5. The process of claim 1 wherein said hydrocarbonaceous charge stock is derived from tar sand.

6. The process of claim 1 wherein said metal component is vanadium.

7. The process of claim 1 wherein said metal component is molybdenum.

8. The process of claim 1 wherein said metal component is iron.

9. The process of claim 1 wherein said solids dispersant is a solution of the product of C₁₈ H₃₇ NH(CH₂)₃ NH₂ which has been cross-linked with epichlorohydrin in a xylene solvent.

10. The process of claim 1 wherein said solids dispersant is the reaction product formed at a temperature of from about 20° C. to about 150° C., of from 1 to 2 mol proportions of an aliphatic amine compound having at least one hydrogen atom attached to a nitrogen atom, said amine compound consisting of carbon, hydrogen and nitrogen, and having at least 12 and up to about 40 carbon atoms and a straight chain of at least 3 carbon atoms attached to the nitrogen atom, with one mol proportion of an epihalohydrin compound selected from the group consisting of epichlorohydrin, 1,2-epi-4-chlorobutane, 2,3-epi-4-chlorobutane, 1,2-epi-5-chloropentane, 2,3-epi-5-chloropentane and corresponding bromo and iodo compounds, and reacting with an inorganic base to remove halogen.

11. The process of claim 1 wherein said solids dispersant is an oil-soluble HCl salt of the condensation product, formed at a temperature of from about 20° C. to about 150° C., of equimolar amounts of epichlorohydrin and tallow amine, from about 1% to about 20% of the amino nitrogen in said condensation product being neutralized with HCl.

12. The process of claim 1 wherein said solids dispersant is an oil-soluble HCl salt of an ester of carboxylic acid containing from about 6 to about 50 carbon atoms per molecule and the condensation product, formed at a temperature of from about 20° C. to about 150° C., of equimolar amounts of epichlorohydrin and an alkyl amine of from about 12 to about 40 carbon atoms per molecule, from about 1% to about 20% of the amino nitrogen in said condensation product being neutralized with HCl and the amount of carboxylic acid being sufficient to esterify from one to all of the hydroxyl groups in the condensation product.

13. The process of claim 1 wherein said solids dispersant is an oil-soluble mixed HCl-alkyl acid phosphate salt of the condensation product, formed at a temperature of from about 20° C. to about 150° C. of equimolar amounts of epichlorohydrin and an alkyl amine of from about 12 to about 40 carbon atoms per molecule, from about 1% to about 20% of the amino nitrogen in said condensation product being neutralized with HCl and the amount of alkyl acid phosphate being at least one mol of phosphate per mol of the condensation product.

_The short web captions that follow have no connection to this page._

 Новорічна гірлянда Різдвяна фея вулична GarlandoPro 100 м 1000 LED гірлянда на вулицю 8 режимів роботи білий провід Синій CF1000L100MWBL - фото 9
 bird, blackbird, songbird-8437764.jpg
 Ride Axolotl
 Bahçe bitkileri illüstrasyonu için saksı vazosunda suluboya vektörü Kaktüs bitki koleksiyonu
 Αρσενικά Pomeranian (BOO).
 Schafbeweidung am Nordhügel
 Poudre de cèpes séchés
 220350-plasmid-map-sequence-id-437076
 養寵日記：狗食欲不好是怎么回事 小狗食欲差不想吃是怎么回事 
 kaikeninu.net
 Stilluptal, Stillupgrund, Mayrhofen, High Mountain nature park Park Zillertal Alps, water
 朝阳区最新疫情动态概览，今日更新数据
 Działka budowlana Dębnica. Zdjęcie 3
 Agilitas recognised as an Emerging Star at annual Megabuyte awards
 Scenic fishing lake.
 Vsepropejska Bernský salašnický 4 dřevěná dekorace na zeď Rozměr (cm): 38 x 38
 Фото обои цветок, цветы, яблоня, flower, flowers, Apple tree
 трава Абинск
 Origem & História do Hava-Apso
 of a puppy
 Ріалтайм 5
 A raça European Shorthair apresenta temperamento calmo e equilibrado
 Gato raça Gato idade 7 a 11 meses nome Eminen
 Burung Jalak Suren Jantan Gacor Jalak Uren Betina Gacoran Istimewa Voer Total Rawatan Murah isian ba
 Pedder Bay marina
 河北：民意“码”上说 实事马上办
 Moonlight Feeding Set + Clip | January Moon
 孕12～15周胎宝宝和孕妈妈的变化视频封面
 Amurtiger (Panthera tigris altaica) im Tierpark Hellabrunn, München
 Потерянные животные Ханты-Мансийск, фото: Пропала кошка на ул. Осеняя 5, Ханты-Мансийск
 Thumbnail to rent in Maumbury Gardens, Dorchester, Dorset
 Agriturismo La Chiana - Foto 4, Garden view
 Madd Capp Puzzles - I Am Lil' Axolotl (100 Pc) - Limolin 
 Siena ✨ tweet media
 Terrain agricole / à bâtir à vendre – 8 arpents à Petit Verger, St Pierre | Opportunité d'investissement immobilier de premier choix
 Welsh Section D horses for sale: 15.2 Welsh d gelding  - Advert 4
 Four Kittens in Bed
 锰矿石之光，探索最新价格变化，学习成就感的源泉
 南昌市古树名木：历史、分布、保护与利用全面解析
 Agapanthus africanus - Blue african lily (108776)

14. The process of claim 1 wherein said solids dispersant is an oil-soluble alkyl acid phosphate salt of an ester of a carboxylic acid of from about 6 to about 50 carbon atoms per molecule and the condensation product of from 1 to 2 mols of an epihalohydrin compound with from 1 to 2 mols of an aliphatic amine of from about 12 to about 40 carbon atoms per molecule, the amount of said acid being sufficient to esterify from one to all of the hydroxyl groups in said condensation product and the amount of alkyl acid phosphate being at least one mol of phosphate per mol of the ester.